Cumulus Networks is rolling out an agent called NetQ, which streams network telemetry in real time to provide system-wide visibility into network state and make it easier for network operators to validate configuration changes and troubleshoot problems.
The NetQ agent, which is now available on Cumulus Linux 3.3 and higher, runs on Cumulus switches to collect detailed operational information and stream it to a server running a Redis database that collects and aggregates the data.
Rather than log in to switches individually to get configuration status, operators can get a complete picture of network state using NetQ. They can also query the telemetry server to ensure that configuration changes were actually made, and that network links are up.
The agent gathers information such as the current switch configuration, protocols in use, link state, and general system information such as licenses and the status of hardware components.
The agent can also be deployed on servers that run Ubuntu or Red Hat Enterprise Linux (either bare metal or within a VM) to collect host-based network information.
Cumulus is positioning NetQ for IT shops that use tools such as Ansible, Puppet, and Chef to automate configuration changes across a large number of devices.
If an operator pushes a change across 100 switches, instead of manually sampling a few by hand to see if the change was made, “We can go out and say ‘Yes, all these changes took, or these three systems didn’t get updated,’” said Cumulus CEO Josh Leslie in an interview.
The system can also make incremental checks, on a pod-by-pod basis, to ensure there are no errors in a configuration update.
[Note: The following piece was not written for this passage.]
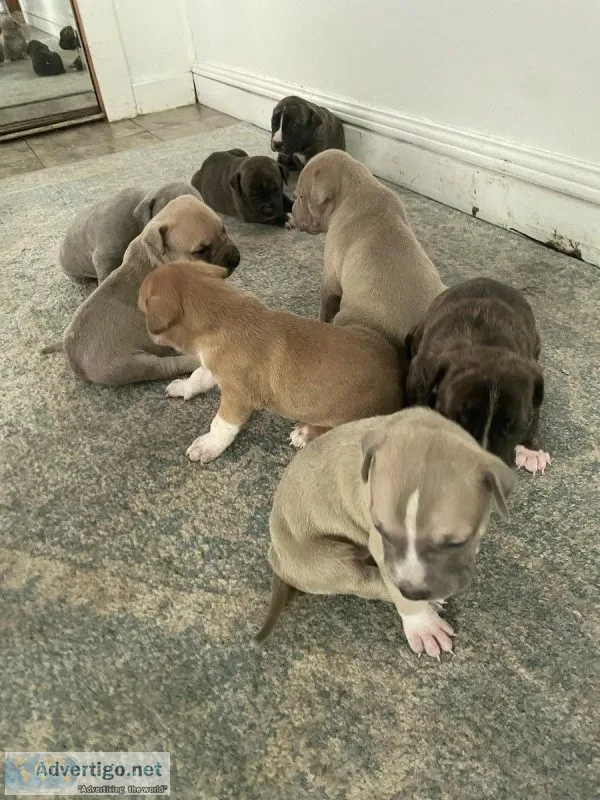 Pitbull pups for 200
If a problem is detected, the change can be rolled back in the affected pods and then corrected before the change continues.
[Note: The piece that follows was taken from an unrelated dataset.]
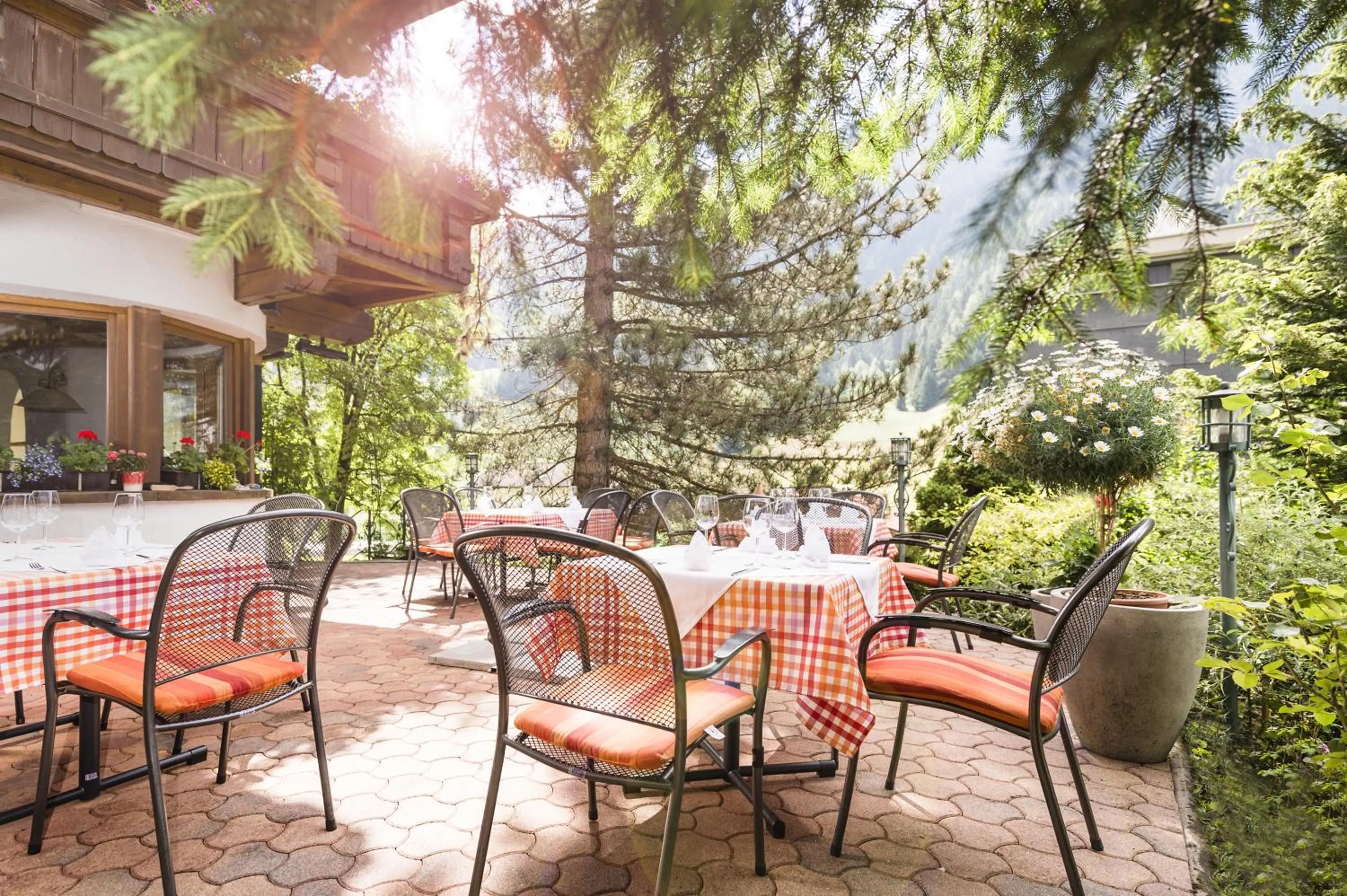 Garden in Hotel Angelika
The company hopes this capability will encourage organizations to take more advantage of automation by helping to address the fear of a outage caused by a configuration error that pushed across the whole network.
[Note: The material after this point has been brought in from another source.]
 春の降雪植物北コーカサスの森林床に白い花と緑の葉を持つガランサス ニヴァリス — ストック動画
Ad because NetQ maintains a full picture of network state, operators can also use it to help troubleshoot network problems by replaying network events. NetQ can also integrate with third-party tools such as PagerDuty to notify operators in real time if performance or connectivity problems occur.
Note that NetQ itself isn’t used to configure switches running Cumulus Linux. It works in tandem with automation tools such as Ansible that make the actual changes. And at present, NetQ is CLI-based. For data visualization, Cumulus says NetQ integrates with visualization tools such as Splunk and Grafana.
NetQ is a software product so customers will bring their own hardware to run the telemetry server. Hardware size and configuration will depend on the amount of information being streamed from NetQ agents, the number of switches and servers for which data is being collected, and the length of time organizations keep the data.
NetQ is offered as a Debian package that will run on Cumulus Linux 3.3 and Ubuntu and RHEL. It’s available as a perpetual license, but Cumulus did not provide additional pricing details.
Cumulus CEO Leslie noted that the company may extend NetQ to other server platforms, as well as third-party networking and storage systems—as long as they have a Linux OS under the covers.
“In the modern data center we believe an increasing percentage of devices are Linux, so that’s a natural place for us to go,” he said. “We’ll cover storage, servers, and networking as the big three.”
A core value proposition of Cumulus Linux is the operational benefits of scalability and automation that you get from being able to run your switch infrastructure using the same tools and methods you use to run your Linux servers.
NetQ helps extend that value proposition by beginning to provide a global view of network state and a more centralized mechanism for validating changes and updates.
It also helps Cumulus compete better against companies such as Big Switch and Arista, both of which have made a priority of telemetry and visibility for network operators.
And last but certainly not least, NetQ helps make Cumulus more sticky in customer environments. This is extremely useful for a disaggregated NOS that can be removed from the switch if the customer wants something different.